According to the “preliminary” report, the main GDP drivers were revised downward, with the largest adjustments to exports, personal consumption expenditures for nondurable goods, equipment and software, and residential fixed investment.
– Real exports of goods and services, until recently one of the few elements that kept GDP in positive territory while supporting an economy in distress, decreased at a 23.6% rate (-1.8% YoY basis) in the fourth quarter, in contrast to an increase of 3.0% in the third. It is the steepest decline since FY1971 as economic troubles overseas continue to shrink demand for domestic goods and services. Meanwhile, imports, which are a subtraction in the calculation of GDP, decreased at a 16.0% rate (-7.1% YoY basis).
– Real personal consumption, which accounts for more than 70% of domestic economic activity, fell at a 4.3% annual rate, compared with a decrease of 3.8% in the third, the biggest fall since the second quarter of 1980. The rate of decline however, is in our view unsustainable.

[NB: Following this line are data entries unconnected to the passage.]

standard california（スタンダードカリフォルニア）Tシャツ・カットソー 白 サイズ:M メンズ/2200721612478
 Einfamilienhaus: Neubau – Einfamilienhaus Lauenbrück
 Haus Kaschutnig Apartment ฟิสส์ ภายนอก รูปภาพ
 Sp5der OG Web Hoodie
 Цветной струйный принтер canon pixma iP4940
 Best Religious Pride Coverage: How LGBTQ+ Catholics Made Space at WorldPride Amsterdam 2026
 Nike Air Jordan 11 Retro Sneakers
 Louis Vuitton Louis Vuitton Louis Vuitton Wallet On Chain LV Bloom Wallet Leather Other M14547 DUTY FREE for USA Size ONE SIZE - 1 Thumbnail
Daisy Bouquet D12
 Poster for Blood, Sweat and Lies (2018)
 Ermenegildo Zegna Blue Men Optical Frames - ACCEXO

– On a somewhat positive note, inventories, added only 0.16 percentage points to real GDP growth in Q4, versus an original estimate of 1.3. This news is a bit optimistic (only minimally) in the sense that it suggests that the involuntary inventory accumulation was smaller than previously estimated. Businesses cut inventories by $19.9 billion in the fourth quarter, following a decrease of $29.6 billion in the previous quarter and a decrease of $50.6 billion in the second. In its advance GDP report, the Bureau of Economic Analysis [BEA] said business inventories increased by $6.2 billion.
– Businesses cut spending on equipment and software at an annualized rate of 28.85% in the fourth quarter, compared with a decrease of 7.5% in the third, reflecting a significant spending reduction.
– Spending on motor vehicles output subtracted 2.04 percentage points from the fourth-quarter, declining at a frightening 38.0% annual rate, which was 1.4 percentage points faster than the 26.6% decline logged in the third quarter.
Finally, home building component was the exception to the downward adjustments. It subtracted 0.8 percentage points from real GDP rather than the prior estimate of -0.9. Nonresidential fixed investment decreased 21.1% in the fourth quarter, followed by a 22.2% annual rate decline in the real residential fixed investment category.
The preliminary estimate of the 4Q change in real GDP is $74.4 billion lower than the advance estimate issued by BEA last month.
The Bureau of Economic Analysis is expected to report its final reading on fourth-quarter GDP on March 26.